Question

It is given that a curve has equation $$y=f\left ( x \right )$$  ,where $$f\left ( x \right )=x^{3}-2x^{2}+x$$

(i)Find the set of values of x for which the gradient of the curve is less than 5.

(ii)Find the values of f(x) at the two stationary points on the curve and determine the nature if each stationary point.

(i)$$3x^{2}-4x+1< 5$$

$$\left ( 3x+2 \right )\left ( x-2 \right )< 0$$

$$-\frac{2}{3}< x< 2$$ or $$\left [ -\frac{2}{3} ,2\right ]$$ or $$\left ( -\frac{2}{3} ,2\right )$$

(ii)$$3x^{2}-4x+1=0\Rightarrow \left ( 3x-1 \right )\left ( x-1 \right )=0$$

$$x=\frac{1}{3}$$ or 1

$$y=\frac{4}{27} or 0 \(f{}”\left ( x \right )=6x-4\rightarrow f{\left ( \frac{1}{3} \right )}”=-2< 0$$

$$f{}”\left ( 1 \right )=2> 0$$

max at $$\left ( \frac{1}{3},\frac{4}{27} \right )$$ ;min at (1,0)

Question

A curve for which $$\frac{\partial^2 y}{\partial x^2} = 2x − 5$$ has a stationary point at (3 , 6 )

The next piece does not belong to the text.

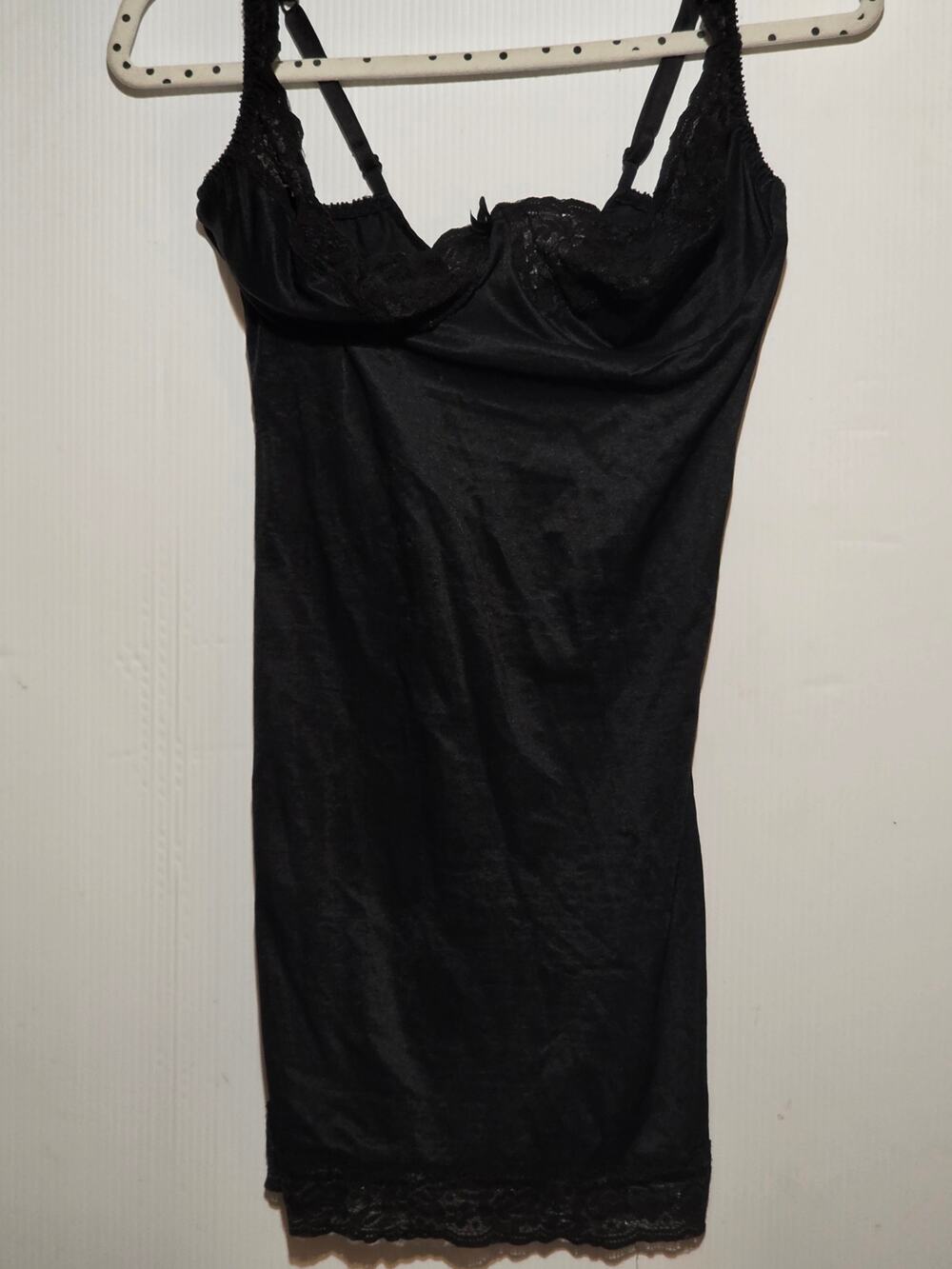 Collette Lingerie Black Lace Slip Dress L coquette Underwire Lingerie Romantic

(i) Find the equation of the curve.

(ii) Find the x-coordinate of the other stationary point on the curve.

(iii) Determine the nature of each of the stationary points.

(i) integrating → $$\frac{dy}{dx}=x^{2}− 5x (+c)$$

= 0 when x = 3

c = 6

integrating again → $$y=\frac{x^{3}}{3}-\frac{5x^{2}}{2}+6x+d$$

use of (3, 6)  d=1.5

(ii)  $$\frac{\mathrm{d} y}{\mathrm{d} x}=x^{2}-5x+6\rightarrow x=2$$

(iii) $$x=3, \frac{\partial^2 y}{\partial x^2}=1$$ and/or +ve Minimum

$$x=2, \frac{\partial^2 y}{\partial x^2}=-1$$ and /or -ve Maximum

May use shape of$$+x^3$$ curve or change in sign of $$\frac{\mathrm{d} y}{\mathrm{d} x}$$